• Given material

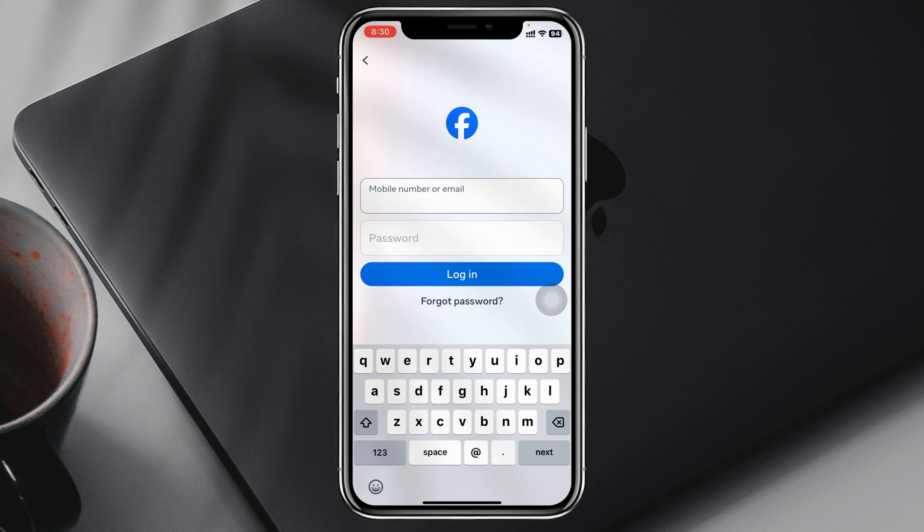You can also follow the same steps in order to switch between your two or three accounts right from here. So this is the process of how you can add another Facebook account on your Facebook app.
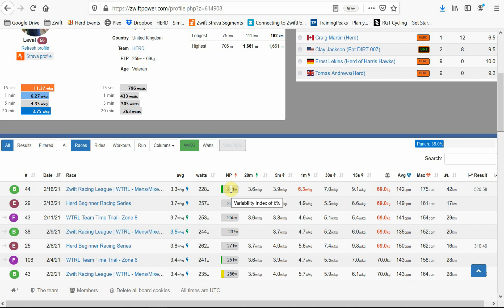We're also able to see your best power over 20 minutes, 5 minutes, 1 minute, 30 seconds, and 15 seconds. Then we see information about your weight, your heart rate of both the average and the max, and the distance of the race.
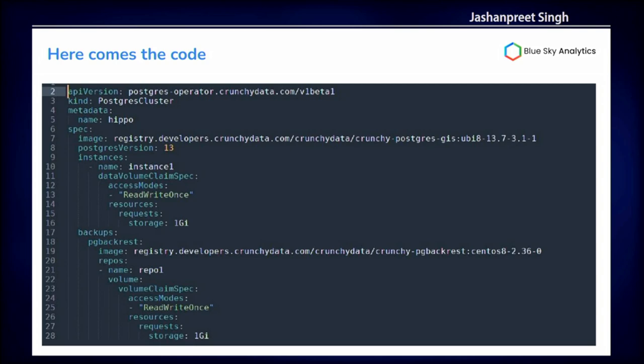This is all you need to actually deploy a Postgres cluster — this is it, nothing more. Once you set up your Kubernetes cluster and install PGO with a single command, this YAML configuration template is all you need. You can specify the Postgres version; on line 7 you'll see an image with 'GIS' at the end, meaning PostGIS is already built in. You can specify storage and backup destinations — S3, Google Cloud, Azure — even multiple backup locations simultaneously.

• Aim of the task
When you copy the listing, keep every line exactly as it is but leave out all images.

• Solution to the exercise
You can also follow the same steps in order to switch between your two or three accounts right from here. So this is the process of how you can add another Facebook account on your Facebook app.
We're also able to see your best power over 20 minutes, 5 minutes, 1 minute, 30 seconds, and 15 seconds. Then we see information about your weight, your heart rate of both the average and the max, and the distance of the race.
This is all you need to actually deploy a Postgres cluster — this is it, nothing more. Once you set up your Kubernetes cluster and install PGO with a single command, this YAML configuration template is all you need. You can specify the Postgres version; on line 7 you'll see an image with 'GIS' at the end, meaning PostGIS is already built in. You can specify storage and backup destinations — S3, Google Cloud, Azure — even multiple backup locations simultaneously.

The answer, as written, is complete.